April 2025 – March 2025 marked another active month in Türkiye’s data protection, cybersecurity, and digital regulation landscape. The Turkish Personal Data Protection Authority (the “DPA”) released new data breach notifications and approved an international data transfer undertaking. Meanwhile, Türkiye enacted a new Cybersecurity Law, and the Information and Communication Technologies Authority (“ICTA”) proposed a draft regulation targeting OTT service providers, introducing notable obligations related to local presence, data security, and privacy.
Cybersecurity Law No. 7545: A New Era in Digital Defence
On 19 March 2025, Türkiye enacted Cybersecurity Law No. 7545, introducing a comprehensive legal framework aimed at strengthening national cyber resilience. The law aims to protect critical infrastructure, enhance data security, and establish structured incident response mechanisms. Key provisions of the Cybersecurity Law include:
- Cybersecurity Board: Formation of a Cybersecurity Board responsible for coordinating Türkiye’s national cybersecurity policies and strategies.
- Critical Infrastructure Protection: Mandated implementation of stringent security protocols—such as vulnerability assessments and risk analyses—in critical sectors including energy, healthcare, finance, and communication.
- Cyber Incident Response Teams (SOME Teams): Obligation for key institutions to establish dedicated teams to detect and mitigate cyber threats.
- Compliance and Certification: Obligation for cybersecurity service providers to obtain certification from the Cybersecurity Board to ensure compliance with standardised security practices.
- Data Privacy: Emphasis on stringent data protection measures, ensuring the confidentiality and integrity of sensitive information.
- Mergers and Acquisitions Oversight: Necessity for companies operating in the cybersecurity sector to notify and/or obtain approval from the Cybersecurity Presidency for mergers, divisions, share transfers, or sales.
You can find our detailed review on Cybersecurity Law here.
Proposed OTT Regulation: What Global Platforms Must Know
On 24 March 2025, the ICTA announced proposed amendments to the Authorisation Regulation in the Electronic Communications Sector targeting over-the-top (OTT) service providers—namely, platforms offering communication services over the internet independently from telecom operators.
The draft regulation defines OTT services as communication services involving interpersonal voice, written, or visual communications provided via publicly available software, independent of the underlying internet service or network operator.

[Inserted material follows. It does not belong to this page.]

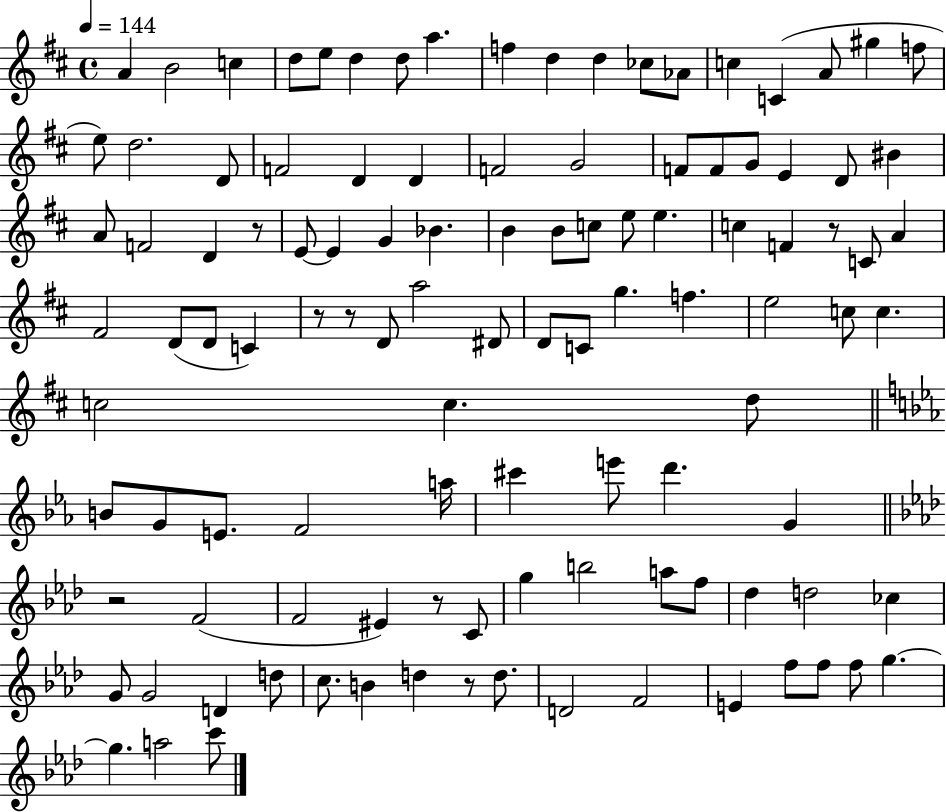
A4/q B4/h C5/q D5/e E5/e D5/q D5/e A5/q. F5/q D5/q D5/q CES5/e Ab4/e C5/q C4/q A4/e G#5/q F5/e E5/e D5/h. D4/e F4/h D4/q D4/q F4/h G4/h F4/e F4/e G4/e E4/q D4/e BIS4/q A4/e F4/h D4/q R/e E4/e E4/q G4/q Bb4/q. B4/q B4/e C5/e E5/e E5/q. C5/q F4/q R/e C4/e A4/q F#4/h D4/e D4/e C4/q R/e R/e D4/e A5/h D#4/e D4/e C4/e G5/q. F5/q. E5/h C5/e C5/q. C5/h C5/q. D5/e B4/e G4/e E4/e. F4/h A5/s C#6/q E6/e D6/q. G4/q R/h F4/h F4/h EIS4/q R/e C4/e G5/q B5/h A5/e F5/e Db5/q D5/h CES5/q G4/e G4/h D4/q D5/e C5/e. B4/q D5/q R/e D5/e. D4/h F4/h E4/q F5/e F5/e F5/e G5/q. G5/q. A5/h C6/e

The draft regulation aims to introduce several significant obligations for OTT service providers—obligations that are considered essential for the continuation of their operations in Türkiye. Accordingly:
- Local Presence Requirement: The proposed changes would require platforms such as WhatsApp, Facebook, WeChat, and TikTok to establish a legal presence in Türkiye by 1 January 2026. Non-compliance may result in bandwidth throttling and administrative fines up to TRY 30 million (approx. EUR 720,000).
- Direct Blocking Authority: The ICTA would gain authority to block access to services in situations deemed critical to the public interest.

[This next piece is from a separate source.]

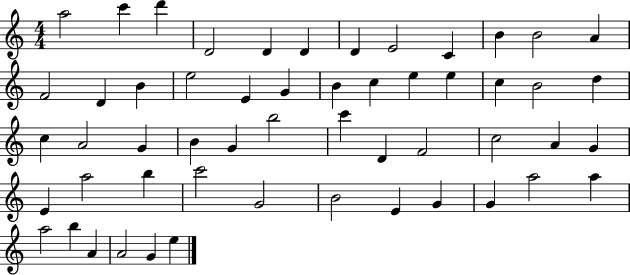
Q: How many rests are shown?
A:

- Data Protection Provisions: The draft regulation grants the ICTA the discretion to impose additional requirements related to information security and personal data protection.
The draft regulation is open for public consultation until 28 April 2025. You can access it (in Turkish only) here.

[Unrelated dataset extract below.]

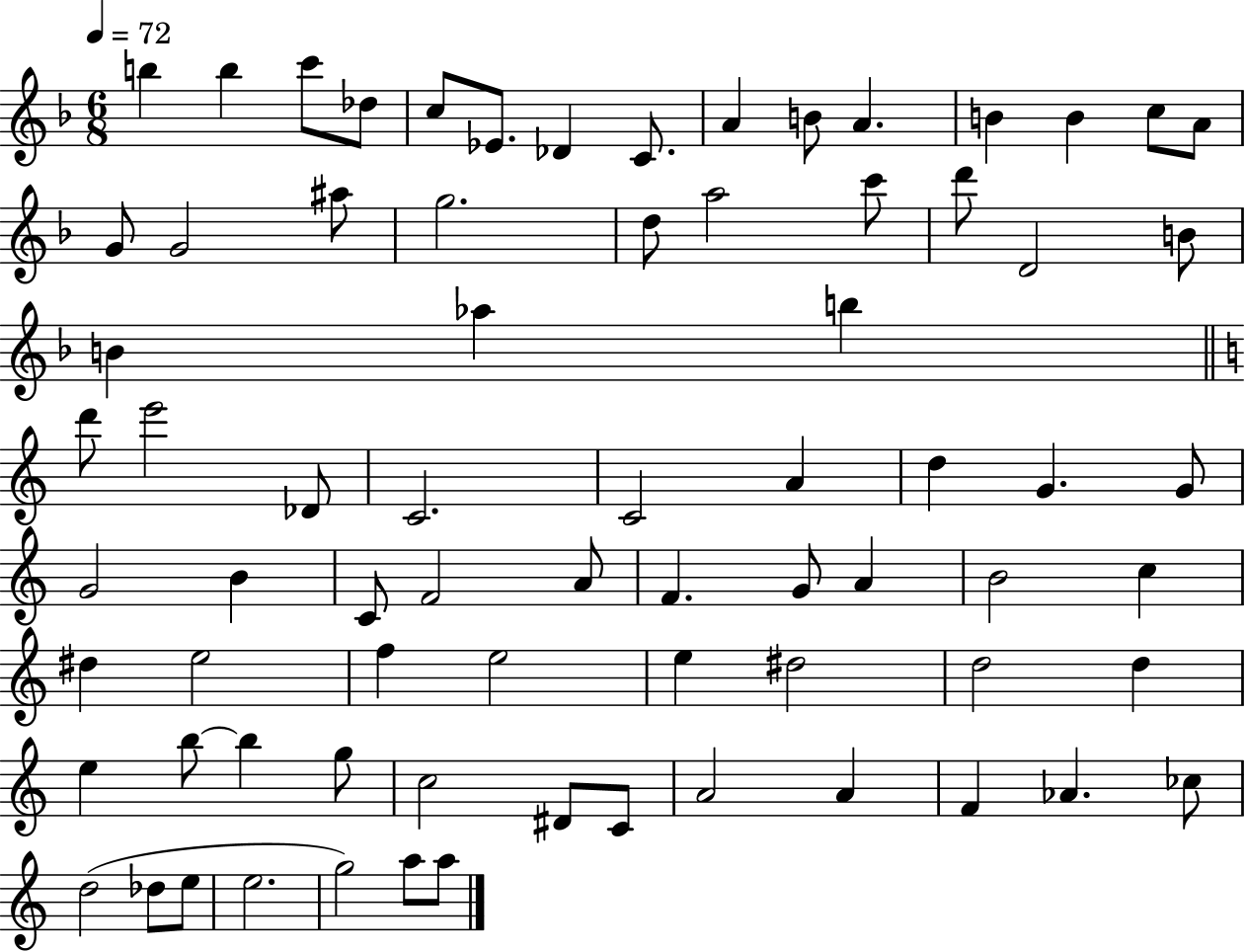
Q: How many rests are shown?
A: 0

DPA Approves International Data Transfers for VF Ege Giyim
On 13 March 2025, the DPA announced approval of three cross-border data transfer undertakings submitted by VF Ege Giyim. After review, the DPA found no procedural or substantive deficiencies, officially granting permission for the said transfers effective 12 March 2025.
DPA Releases 7th Bulletin: AI, Cooperation, and Data Day Highlights
The DPA published the 7th edition of its bulletin on 17 March 2025, covering developments from December 2024 to February 2025. The issue features:
- International cooperation under Convention 108,
- An official visit by the Georgian Personal Data Protection Authority to the Turkish DPA,
- Events celebrating Data Protection Day on January 28,
- Evaluations on the intersection of artificial intelligence and privacy.
A standout feature was the event titled “44 Years of Data Protection: The Age of Artificial Intelligence from a Privacy Perspective,” where representatives from the Ministry of Justice, academia, and both public and private sectors shared insights on the evolution of Türkiye’s privacy framework in light of emerging technologies like AI.
Data Breach Notifications
- Anadolu Anonim Türk Sigorta Şirketi notified the DPA that a breach affected customers’ personal data. Accordingly, customers’ identity, contact health and insurance-related data were compromised.
- Bilfen Eğitim Kurumları notified the DPA regarding unauthorised access to personal data of students, student parents, and employees. Identity, contact, health, transaction security data, professional information and audio/visual recordings were affected.
- TurkNet İletişim Hizmetleri notified the DPA of a breach that affected customers and members personal data. Accordingly, identity, contact, customer information and transaction security-related data were compromised.
- Nevşehir Hacı Bektaş Veli University notified the DPA regarding an unauthorised access of personal data of students and employees.